Caso apresente algum sintoma incomum, oriente-se imediatamente com o profissional de saúde responsável pelo seu acompanhamento.
O que muda nos protocolos de saúde prevenção Brasil?
Com a Anvisa aprovação HIV para a injeção semestral, o Brasil amplia o arsenal de prevenção e reflete o compromisso em alinhar o país aos avanços globais no enfrentamento da epidemia. A medida pode contribuir para a redução dos índices de novas infecções.
O Ministério da Saúde publicou orientações para profissionais sobre como implementar a nova opção em unidades da rede, tornando o acesso mais amplo e facilitado.
Alternativas: e se eu não posso usar a injeção semestral?
Caso não se enquadre nos requisitos, existem alternativas para prevenção do HIV:
- PrEP oral diária, disponível no SUS para adultos e adolescentes acima de 15 anos de grupos prioritários.
- Profilaxia pós-exposição (PEP), indicada até 72h após uma situação de risco.
- Uso de preservativos (camisinha), que continuam como método acessível e eficaz na prevenção do HIV e de outras ISTs.
Fale sempre com um profissional de saúde para orientação individualizada
Para saber se você pode receber a injeção semestral para prevenção HIV, procure o serviço de saúde mais próximo com seu documento de identificação e cartão do SUS. Não deixe dúvidas sobre sua saúde: informe-se e busque orientação especializada.
Perguntas frequentes
- Quantos meses de proteção a injeção semestral oferece? A proteção dura por seis meses; é importante reaplicar no período certo para mantê-la.
- Posso iniciar a injeção sem testes prévios? Não. É obrigatório testar negativo para HIV antes do início.

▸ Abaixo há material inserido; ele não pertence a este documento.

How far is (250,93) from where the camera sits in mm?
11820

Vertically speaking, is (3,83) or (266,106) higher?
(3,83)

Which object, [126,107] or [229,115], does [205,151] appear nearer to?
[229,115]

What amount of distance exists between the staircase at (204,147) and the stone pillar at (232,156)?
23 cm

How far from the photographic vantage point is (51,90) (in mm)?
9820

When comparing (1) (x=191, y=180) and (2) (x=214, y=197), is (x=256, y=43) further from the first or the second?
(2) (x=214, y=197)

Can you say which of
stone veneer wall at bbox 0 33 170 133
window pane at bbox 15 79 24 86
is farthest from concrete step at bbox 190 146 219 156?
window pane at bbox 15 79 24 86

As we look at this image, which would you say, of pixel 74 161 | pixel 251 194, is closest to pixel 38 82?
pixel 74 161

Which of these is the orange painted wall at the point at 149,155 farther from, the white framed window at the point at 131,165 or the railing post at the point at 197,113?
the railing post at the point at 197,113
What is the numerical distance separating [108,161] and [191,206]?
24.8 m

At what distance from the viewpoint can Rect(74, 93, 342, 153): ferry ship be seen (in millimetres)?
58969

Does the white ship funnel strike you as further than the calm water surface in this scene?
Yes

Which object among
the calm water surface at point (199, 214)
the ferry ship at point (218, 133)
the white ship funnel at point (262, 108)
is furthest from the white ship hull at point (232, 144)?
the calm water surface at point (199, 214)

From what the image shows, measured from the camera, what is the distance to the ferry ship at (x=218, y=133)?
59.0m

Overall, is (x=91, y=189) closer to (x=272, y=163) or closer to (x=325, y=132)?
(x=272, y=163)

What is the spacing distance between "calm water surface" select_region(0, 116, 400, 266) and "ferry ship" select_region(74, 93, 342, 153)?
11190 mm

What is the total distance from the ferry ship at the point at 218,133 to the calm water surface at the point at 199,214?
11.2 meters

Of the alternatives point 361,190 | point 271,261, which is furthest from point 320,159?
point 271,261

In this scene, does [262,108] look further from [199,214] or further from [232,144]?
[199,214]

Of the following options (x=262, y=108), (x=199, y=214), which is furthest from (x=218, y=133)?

- Quem tem alergia a outros medicamentos pode tomar a injeção? O ideal é consultar o profissional de saúde, pois pessoas com histórico alérgico devem ser avaliadas de forma individualizada.
- Há diferença de acesso entre homens e mulheres? Não há restrição de gênero; qualquer pessoa dos grupos elegíveis pode acessar.
- Preciso agendar com antecedência para receber a injeção semestral? Sim, o agendamento facilita a logística do serviço de saúde e garante a disponibilidade da dose.
Para mais informações, consulte o portal oficial do Alerta Gov.